Recorded data:
- - - - -
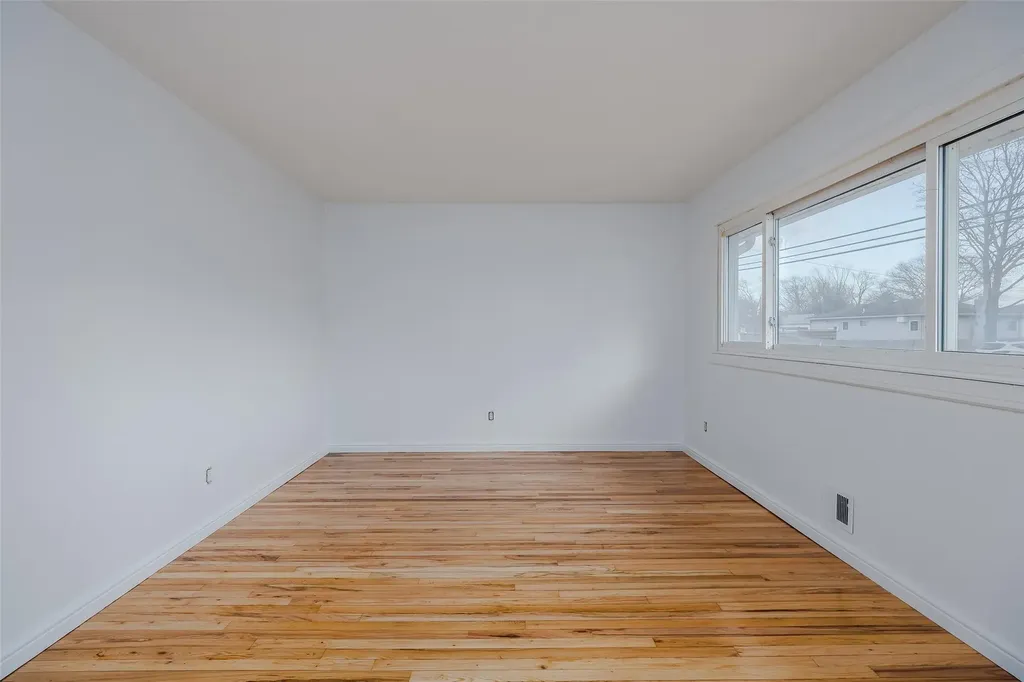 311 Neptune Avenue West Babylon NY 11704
- - - - -
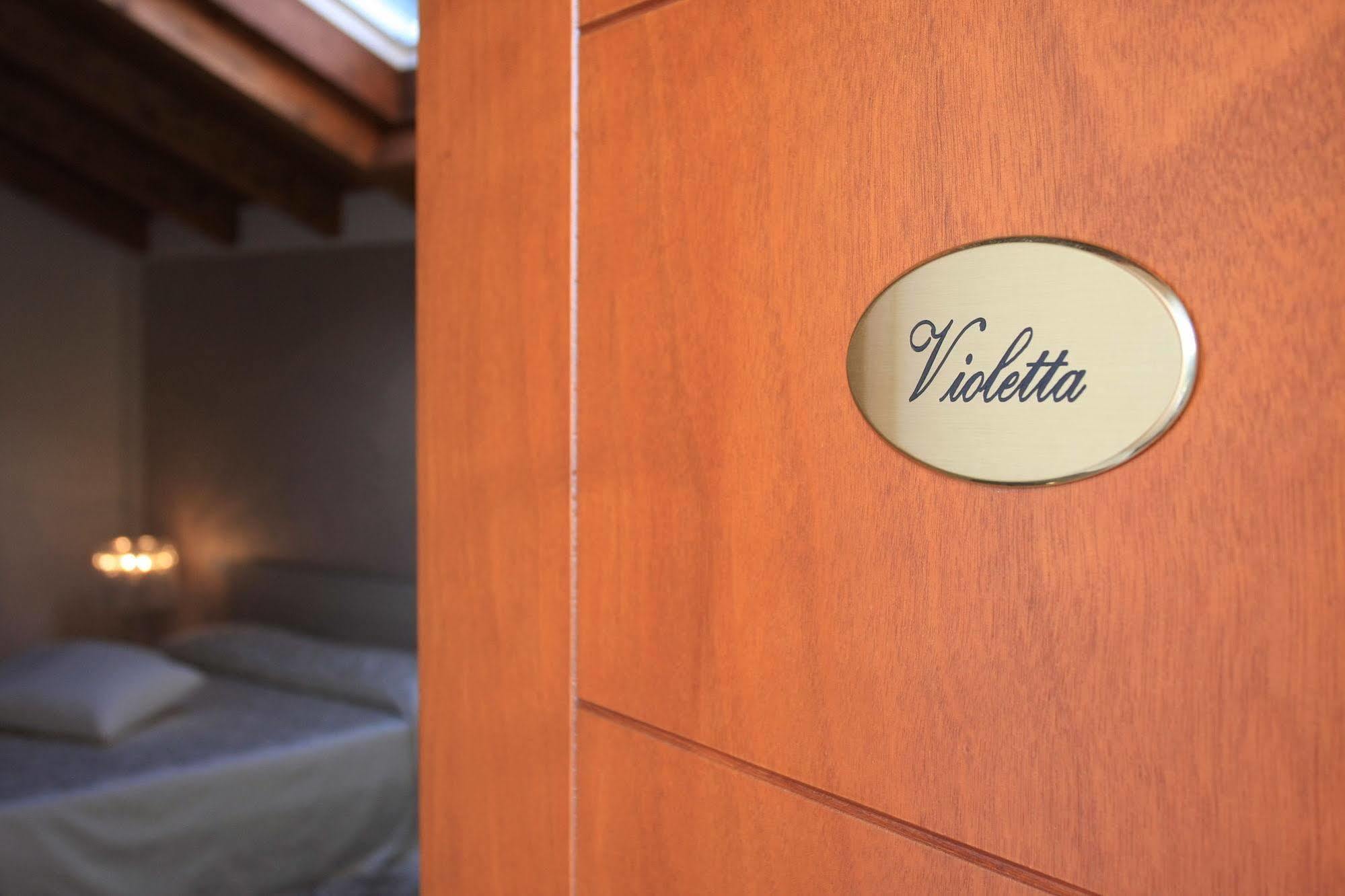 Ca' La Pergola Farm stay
- - - - -
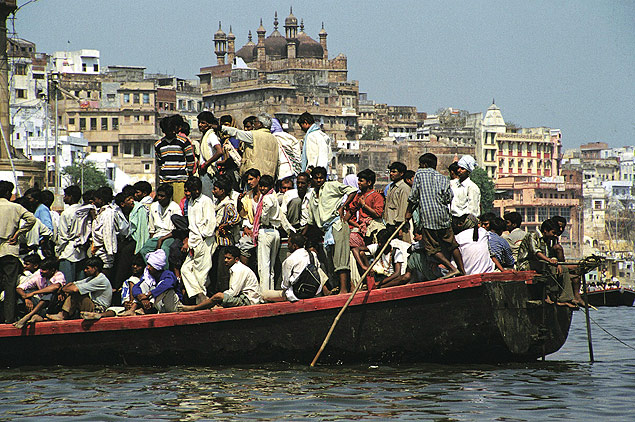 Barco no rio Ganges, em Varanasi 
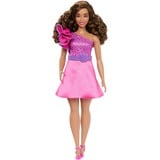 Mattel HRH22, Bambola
- - - - -
Prompt: Begin at the line in the entries above that has "Barco no rio Ganges, em Varanasi", stop after the line that has "Mattel HRH22, Bambola", and output exactly those lines without pictures.

Exercise result:
 Barco no rio Ganges, em Varanasi 
 Mattel HRH22, Bambola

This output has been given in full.